Those opposed to the coup and the arrests of activists and politicians have also been gathering at night at windows and on balconies around Yangon to make a cacophony of noise in protest by banging on pots and pans.

The action was not limited to aggrieved citizens on the street. On Friday, nearly 300 elected lawmakers from Aung San Suu Kyi’s National League for Democracy party who met in an online meeting declared themselves as the sole legitimate representatives of the people and asked for international recognition as the country’s government.

They were supposed to have taken their seats Monday in a new session of Parliament following November elections when the military announced it was taking power for a year.

The military accused Suu Kyi and her party of failing to act on its complaints that last November’s election was marred by fraud, though the election commission said it had no found no evidence to support the claims.

Suu Kyi and President Win Myint are also under house arrest and have been charged with minor offenses, seen by many as merely providing a legal veneer for their detention.

In addition to the 134 officials and lawmakers who were detained in the coup, some 18 independent activists were also held, said the Assistance Association for Political Prisoners in Myanmar, which added that some have been released.

The office of Australia’s foreign minister said in a statement Saturday that the government was “deeply concerned about reports of Australian and other foreign nationals being detained arbitrarily in Myanmar.”

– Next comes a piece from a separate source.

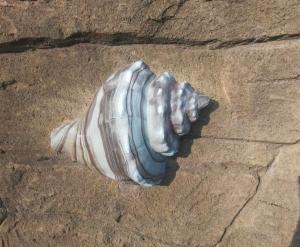 吉林水泥雕塑-海螺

The statement said the government was concerned in particular about one Australian who was detained at a police station. The statement did not provide details on the identities of those being held or the reasons for their detention.

In New York, U.N. Secretary-General Antonio Guterres pledged Friday that the United Nations will do everything it can to unite the international community and create conditions for the military coup in Myanmar to be reversed.

Guterres said Christine Schraner Burgener, the U.N. special envoy for Myanmar, had a first contact with the military since the coup and expressed the U.N.’s strong opposition to the takeover.